There are four moods: infinitive, indicative, conditional and imperative

There are two voices: active and passive

There are three tenses: past, present and future

There are two verbal aspects: imperfective and perfective (these aspects deal with the concept of whether the verb describes an action that was/is/will be repetitive/ongoing OR an action that was/is/will be completed.). This means that most actions are expressed with an imperfective and a corresponding perfective verb.

Because of Polish's inflective nature, personal subject pronouns are usually omitted unless the speaker wishes to emphasize or clarify the subject of a sentence.

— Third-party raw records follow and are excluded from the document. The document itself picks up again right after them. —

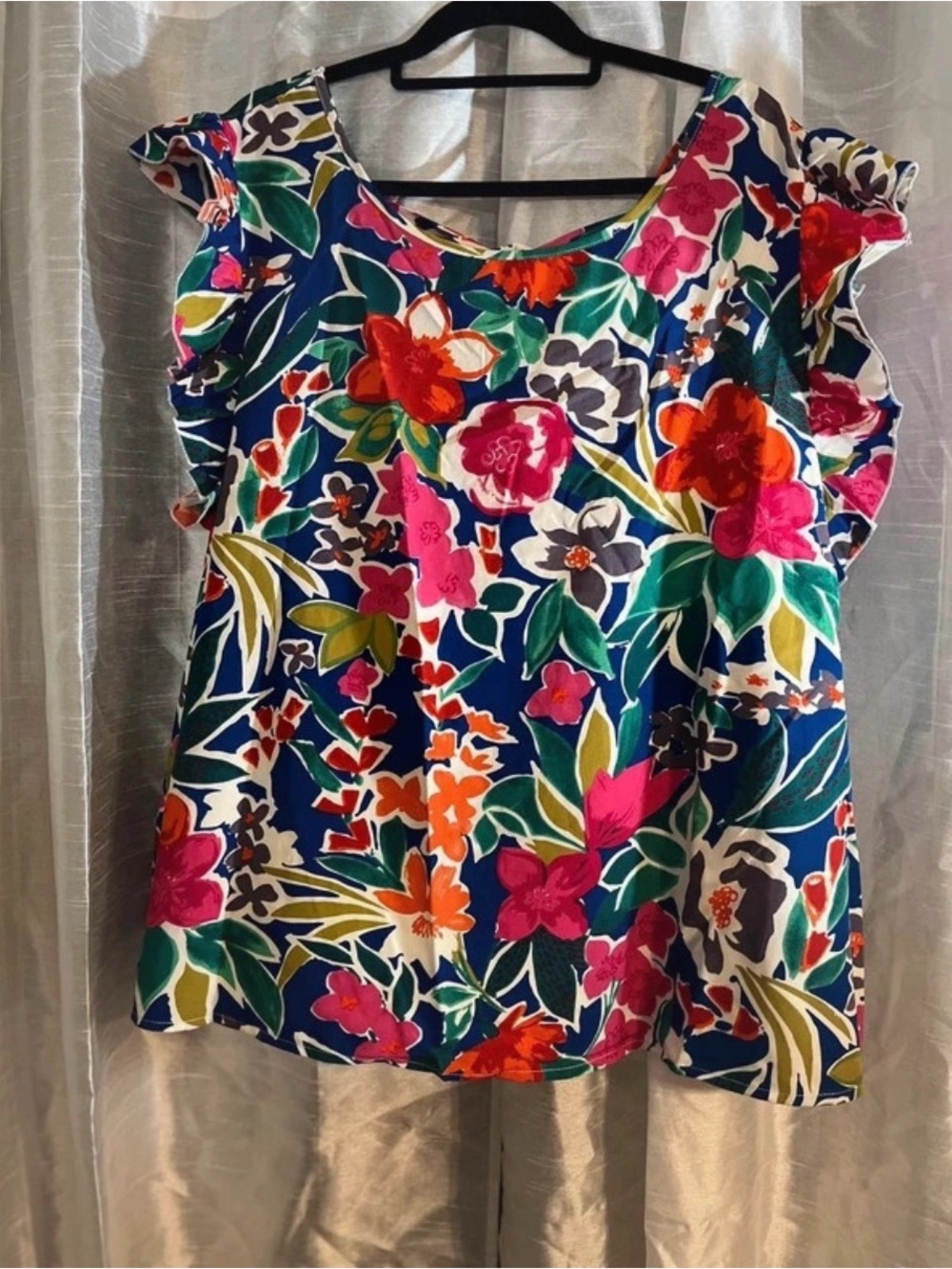 SHEIN Navy Floral Scoop Neck Blouse with Multicolor Blooms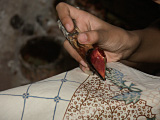 チャンティンによるロウ置き：インドネシア，ジャワ島クドゥンウニ，ウィ・スゥ・チュン工房（2006年）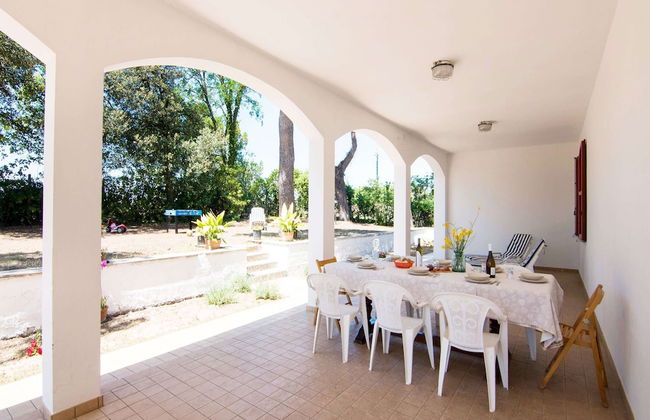 Enchanting Coastal With Views - Photo 12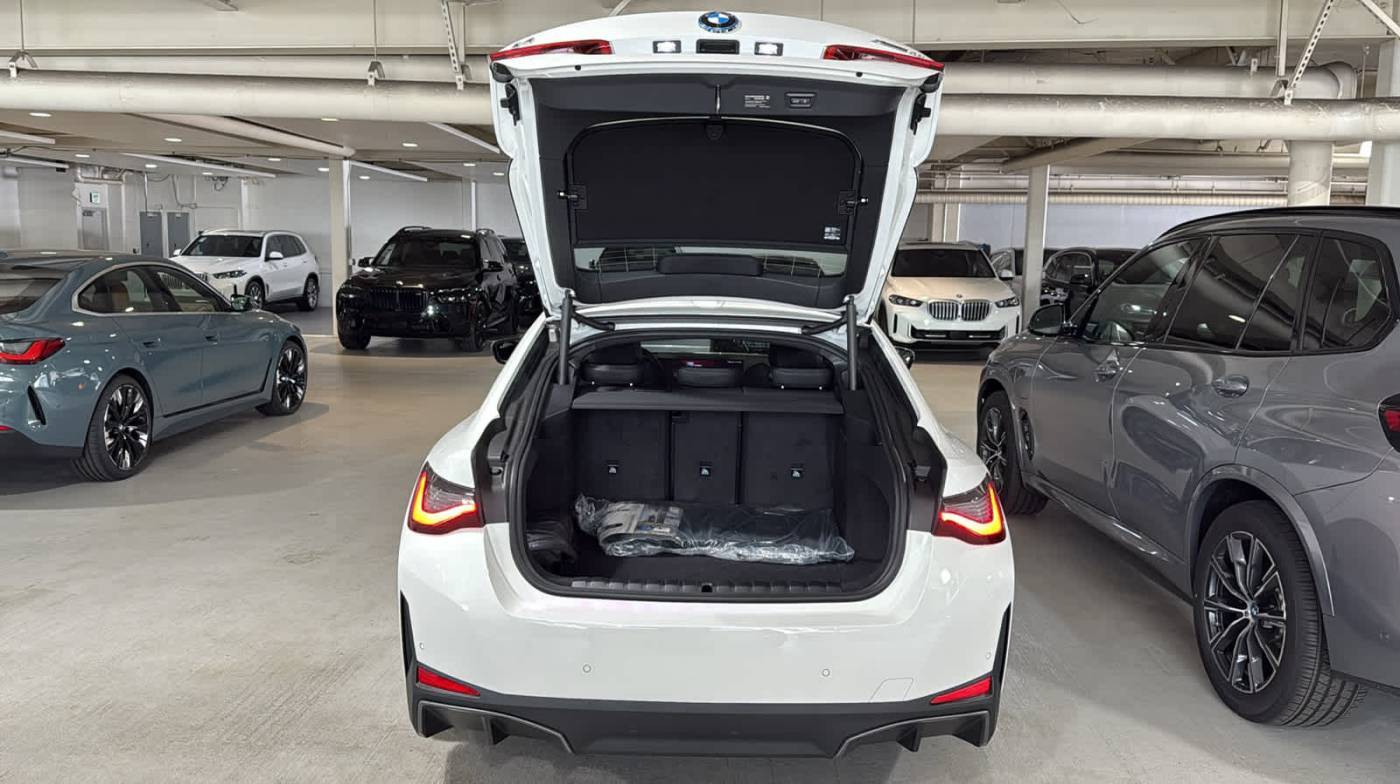 2025 BMW i4 WBY43HD04SFU94749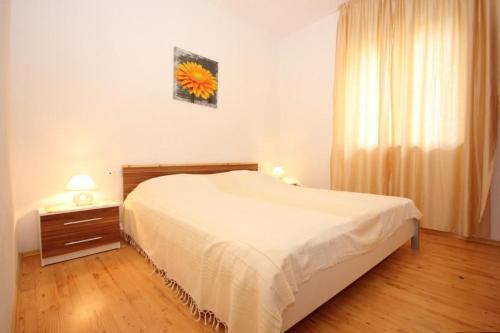 Apartments By The Sea Zavala (Hvar) - 8637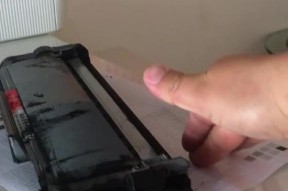 解决打印机硒鼓静电问题的有效方法（快速除去静电，确保打印质量稳定可靠）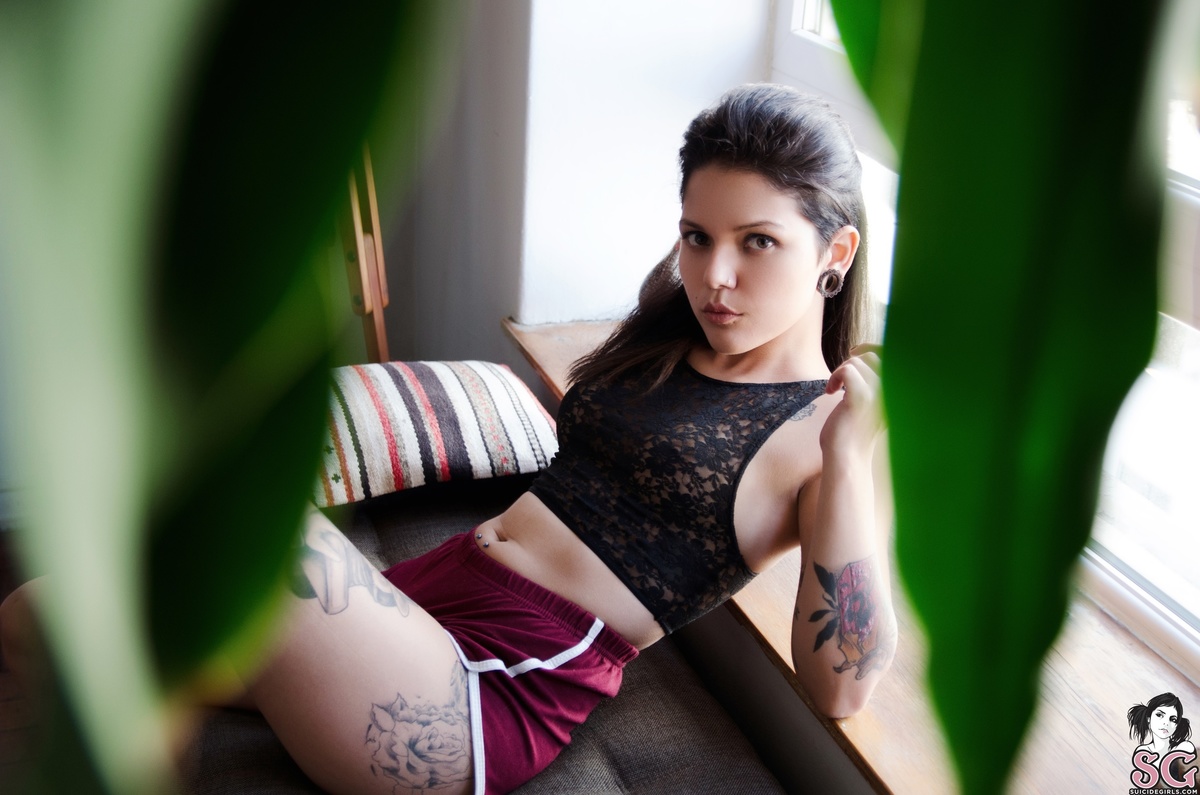 agatha-wheneverithinkofyou-03.jpg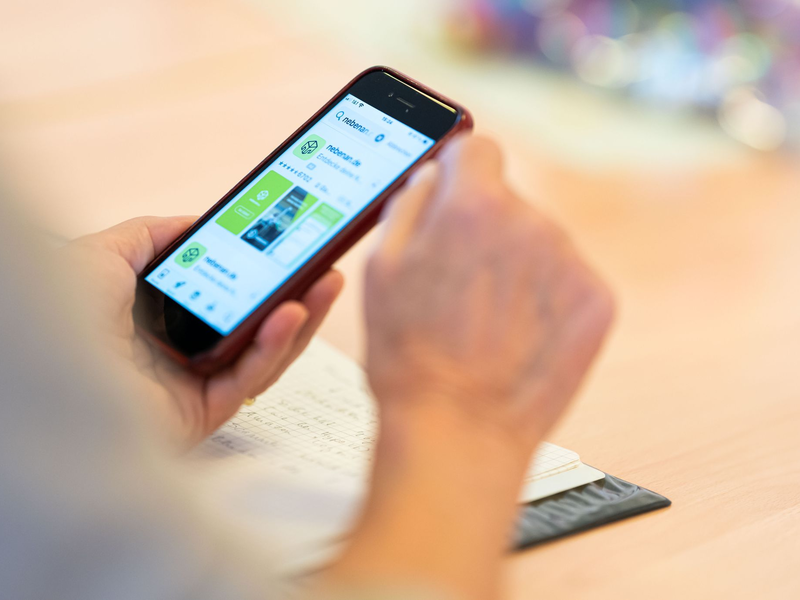Ein etwas älteres Smartphone-Modell, noch voll funktionsfähig - was passiert damit, wenn die Nutzerin ein neueres Modell bekommt? - Foto: Lukas Barth/dpa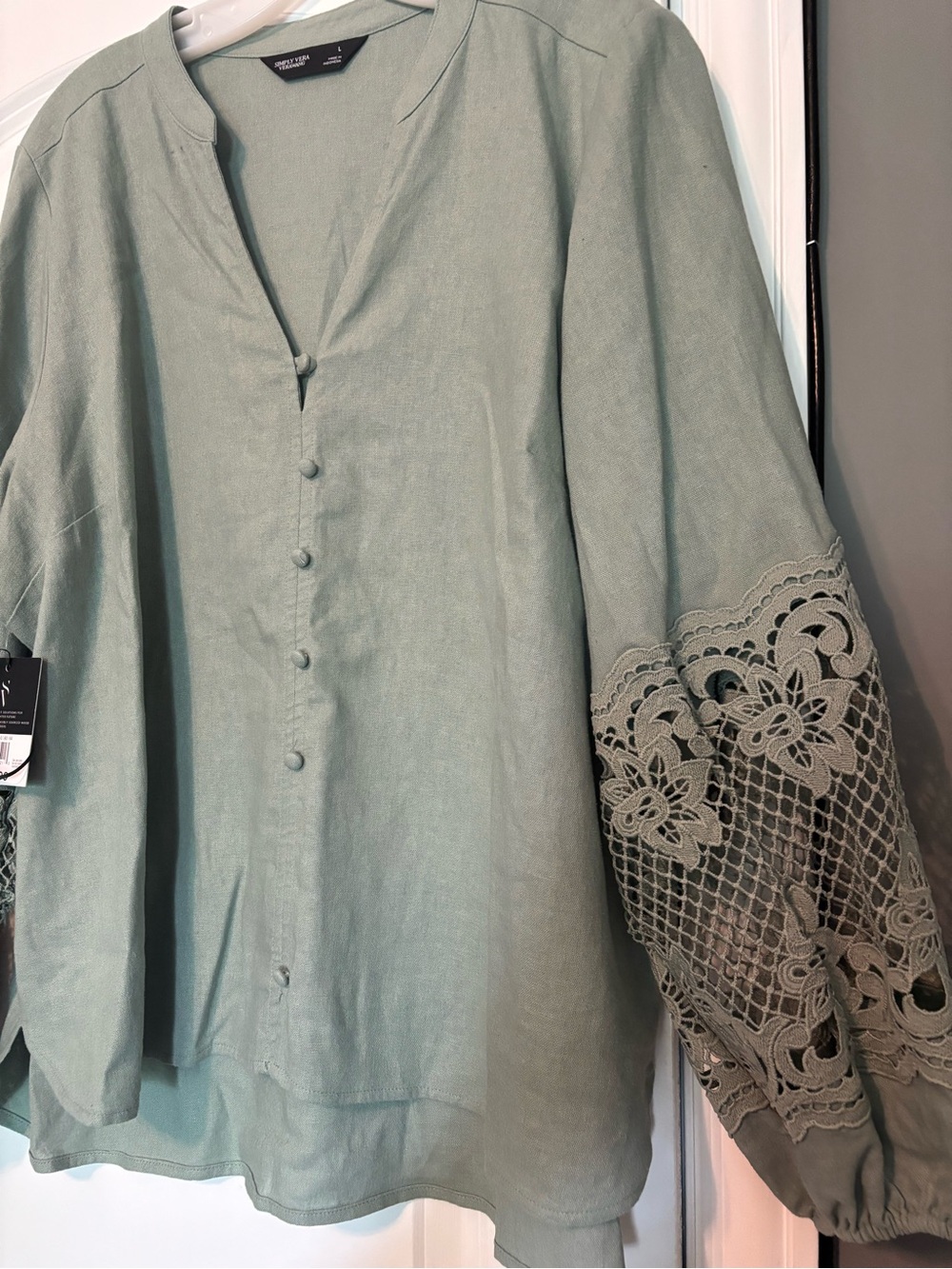 Simply Vera Wang Vince Camuto Sage Green Linen Button Front Blouse Large - Picture 3 of 11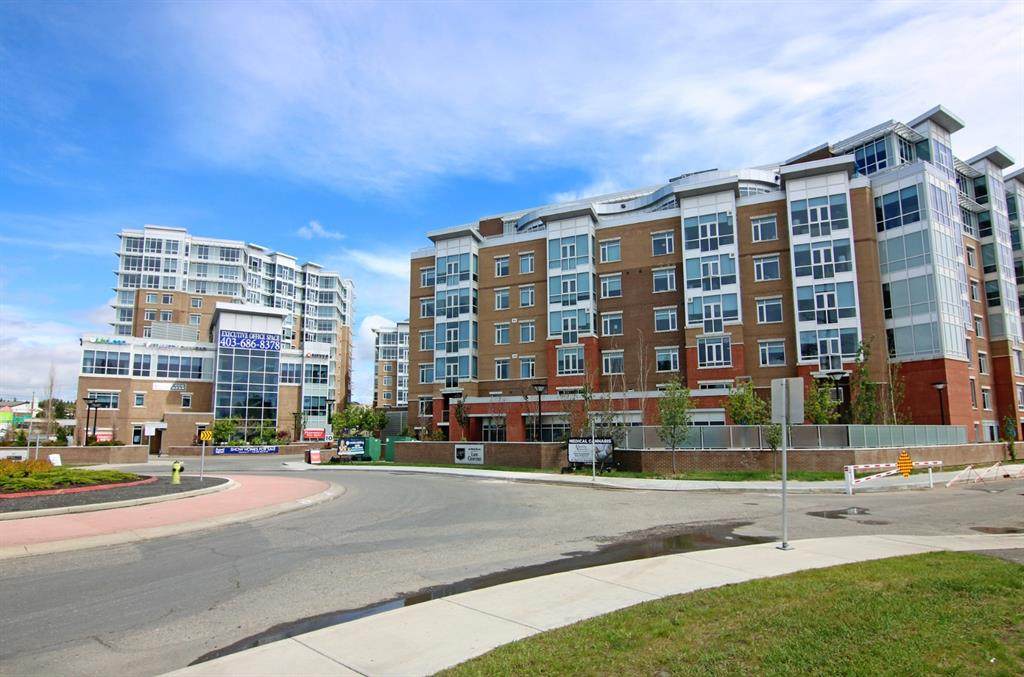 32 Varsity Estates Circle - Photo 1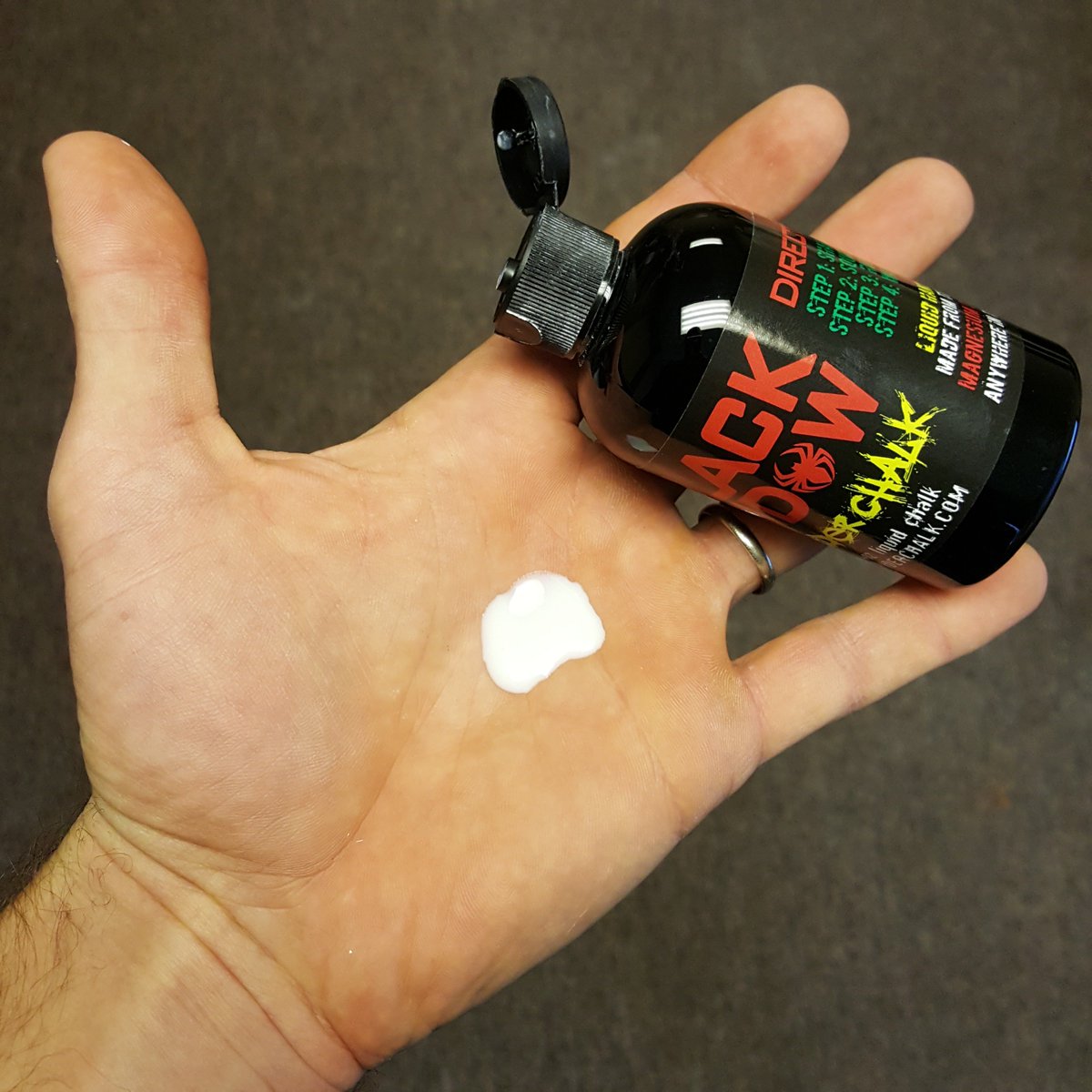 LaureFrianjd91's tweet photo. A little goes a long way. Less is more. You get what you pay for. Etc. #spiderchalk #betterchalk #liquidchalk https://t.co/PDiwd3dUdz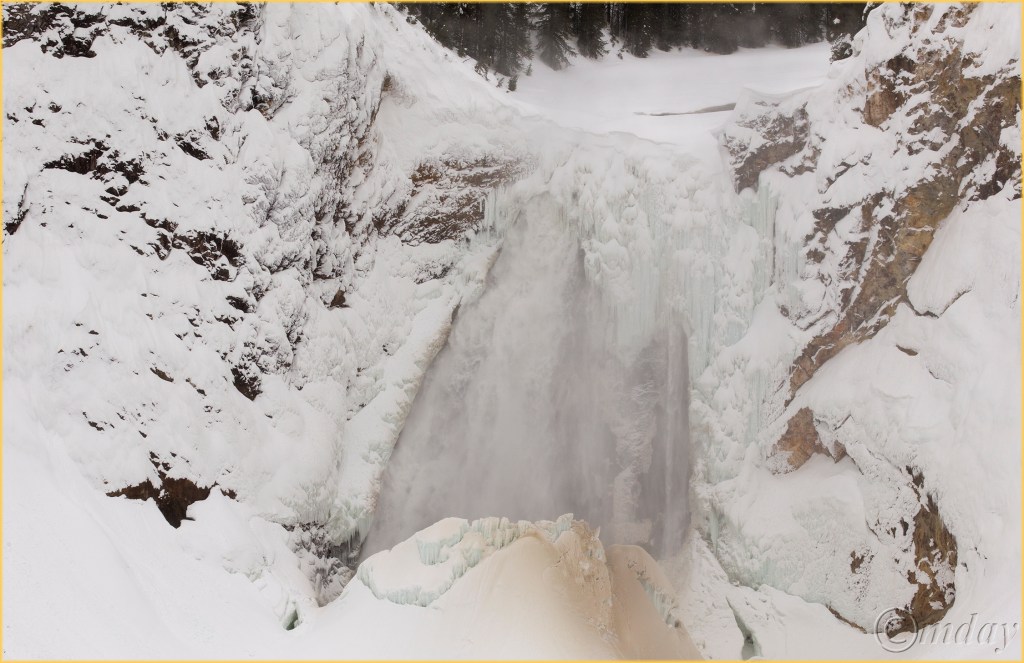 12-1dxb5607lowerfallsynpfeb177-5x4-8300cpyrt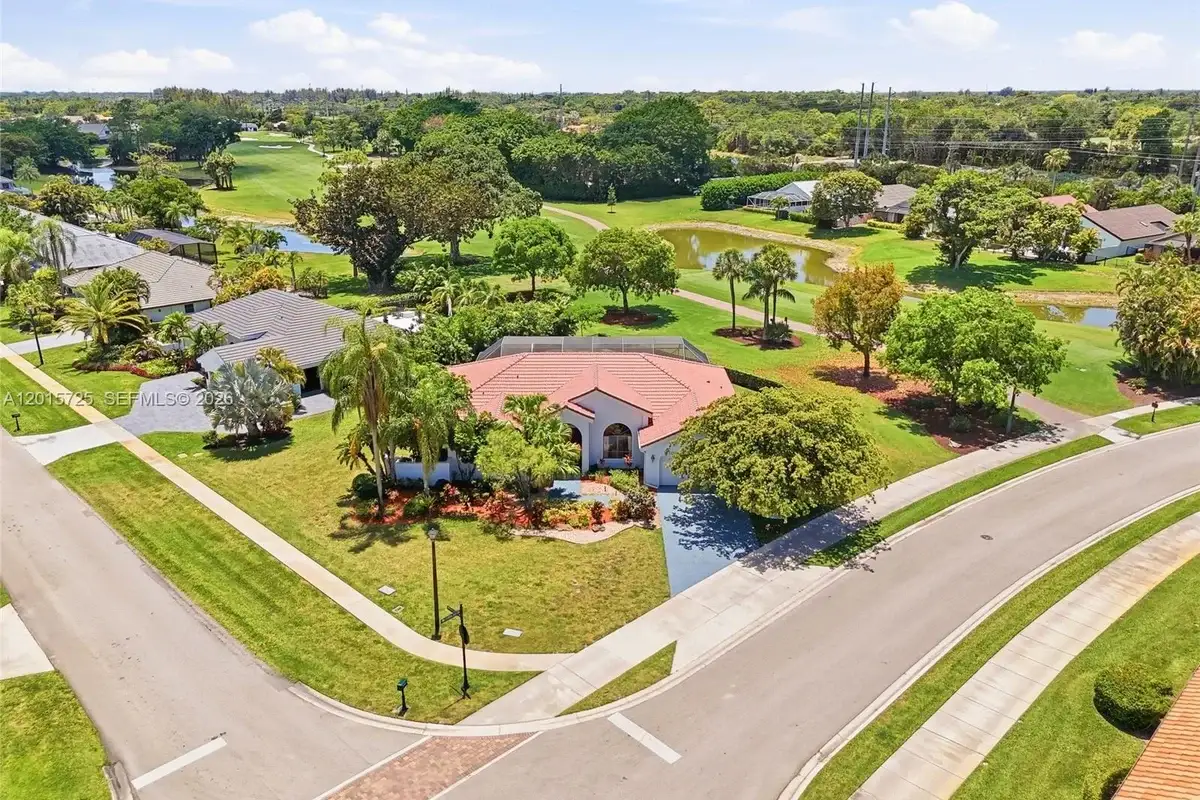 11008 Boca Woods Ln, Boca Raton: photo 1 of 70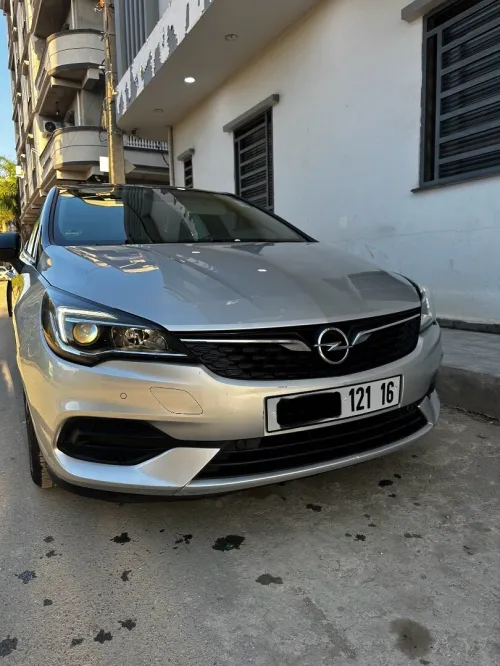 Opel Astra 2021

Syntax is usually subject-verb-object BUT this can change depending on the focus or nuance that a speaker wishes to convey. Thus, syntax can be rather flexible compared to English as much of the relevant grammatical information of a sentence is revealed in the inflections, suffixes and prefixes of the words.

Adjectives can precede or follow the nouns that they describe. This depends on whether the adjective describes an intrinsic quality of the noun.

For intrinsic qualities, the adjective follows the noun.

Ex. język polski = Polish language (literally 'language polish' - the reasoning is that there is only one Polish language)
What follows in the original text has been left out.